A very long time ago, I bought some random Chaos bits off ebay. One of the bits was half of a Chosen space marine from the old Dark Vengeance boxed set. These models came in two bits, presumably for ease of manufacture. Unfortunately, I was missing the bit that contained the marine's forearms, head and most of his shoulder pads.
I decided to rectify this by giving him new arms and a whopping great rotary cannon. I cut and repositioned the legs so that he would be posing dramatically with one boot up on a rock. He got new arms from an ancient plastic space marine, a new head from an old chaos champion, and a lot of green stuff and plasticard to bulk out the missing pauldrons.
(This, I should add, was really hard. Green stuff is fine for filling gaps, but I find sculpting with it very difficult. I ended up using some tips from this excellent and under-followed Borgnine's Painting blog. In particular, I was careful to let one load of green stuff cure before trying to do another.

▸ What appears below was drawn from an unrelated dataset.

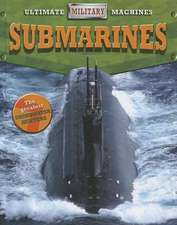 Submarines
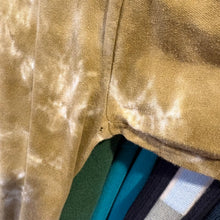 Load image into Gallery viewer, Harley Tie Dye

I'm still not 100% happy with my efforts.)
His gun was built out of half of an ork autocannon that I had lying around (as you do) with an ork nob's magazine and a barrel made out of an Empire outrider's gun (thanks James F). I think it looks suitably excessive, as if he nicked it off a helicopter gunship.
And now with paint. I went with my usual not-quite-Black-Legion colour scheme, with slightly more gold in this example to reflect his higher status (purely on the basis that he's got the big gun).
Here he is next to the model from which he was converted.
I've never really seen chaos marines as evil: everyone in the 40k world is a knob (except ork nobs, who spell it differently). It's more that the chaos marines rock hard and do what they like, like pirates, while the normal marines are more boringly obnoxious and follow orders. Anyhow, this guy will be rocking very hard.
That's a fantastic conversion, a far more sensible pose than the 'marine standing in line' one.